To my mind, the right thing is just not to pay for (these kinds of) memberships. Let the publishers charge what they think is an appropriate fee, and let them have to worry about whether the fee is so high they will scare off authors. If, in the short run, an institution wants to put a thumb on the scale for certain OA publishers (say because they think that in these early days OA publishers need special help—affirmative action so to speak), then buying a membership may be a good idea, but I’d hope they would realize that that’s what you’re doing, and plan on dropping the memberships once OA publishing is fully robust and can stand on its own.

Now, what about two different membership models: (i) BMC’s prepayment model in which the university prepays funds in return for a discount on processing fees, and (ii) BMC’s shared support model in which the university prepays funds to be used to cover a fixed percentage (say 50%) of each processing fee, again in return for a discount on processing fees.

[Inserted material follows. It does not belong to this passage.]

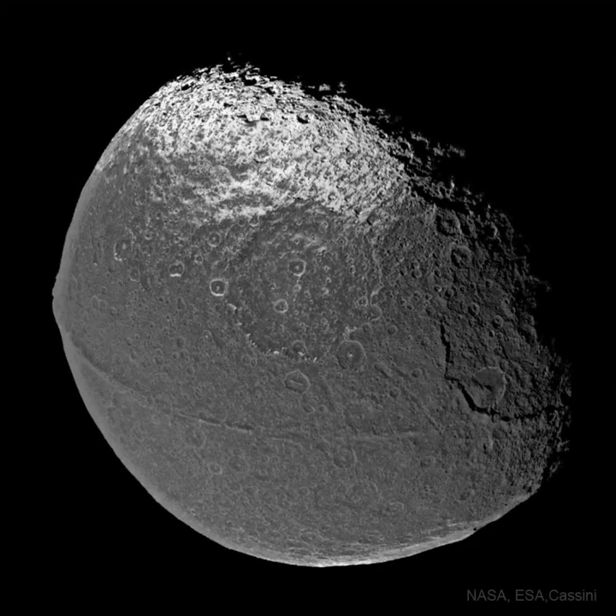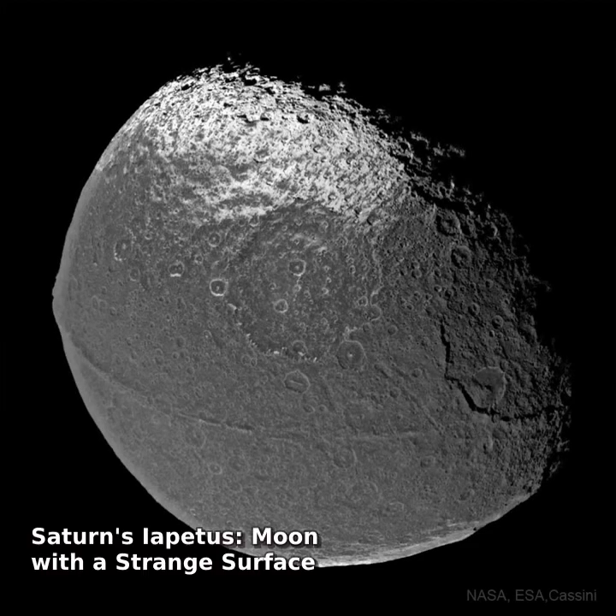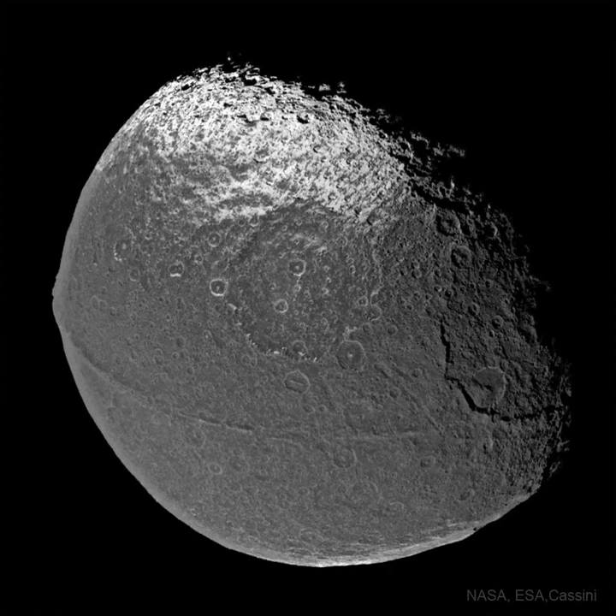What would make a moon look like a walnut? A strange ridge that circles Saturn's moon Iapetus's equator, visible near the bottom of the featured image, makes it appear similar to a popular edible nut.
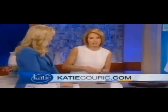Jennifer Jolly, so good to see you. Thanks, Jennifer. If you'd like to learn more about all these devices, you can head to our website at katiecouric.com. We'll be right back.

In the prepayment model, there is still a per-article fee directly attributable to a given author (even if it has been prepaid), and the author—or the author’s funder if grant-funded, or the author’s OA fund cap—can be charged that fee. In the first two cases, the mechanism for doing so may be problematic. You’d have to invoice the funder for the article fee even though it was prepaid perhaps a year before. I’m not sure how the accounting would work. Similarly for charging the author if he or she had used up the annual allotment of OA funds. But assuming you could make that work, the prepayment model at least doesn’t have the moral hazard problems of the institutional membership. Given all the accounting and logistics difficulties of the prepayment model and given that almost all of the savings from prepayment is being recouped by the funders and not the university, I wonder if it is worth the trouble.

The shared support model only makes sense if you are not planning on charging back the university’s prepaid share of the fee, in which case it has all the same moral hazard and funder-gift problems as the institutional memberships.

There is something simple—and, if I say so myself, elegant—about the bare COPE model without memberships. The journal charges the author a fee. The author charges it off to the funder if there is one, or, if there isn’t, to the OA fund up to the capped limit. Done. The university supports the OA publishers (like it does the subscription publishers) without a major moral hazard or transfer payments to funders. I’d hope that universities considering OA publisher memberships would consider COPE-compliant OA funds instead.

[For my non-computer-scientist readers, the title of this post is a reference to a famous phrase used in the title of this classic CS article.]

Update June 21, 2013: The Open Access Scholarly Publisher’s Association has posted a response to a request for input on the Finch report, in which they pick up on many of the same themes:

However, OASPA also recognizes the possibility that such schemes could lead to a lack of transparency regarding the cost of publication in different Open Access outlets, particularly if the terms of these deals are not publicly disclosed, which could be detrimental to the functioning of the market. Moreover, OASPA feels that membership schemes that are based on up-front commitments for a university to publish a particular volume of content with a given publisher can potentially reduce competition within the Open Access ecosystem, making it difficult for smaller publishers to compete on a level playing field with larger publishers, who are inherently better positioned to negotiate individual deals with universities.

It’s good to see that OA publishers recognize the incentive problems with membership arrangements.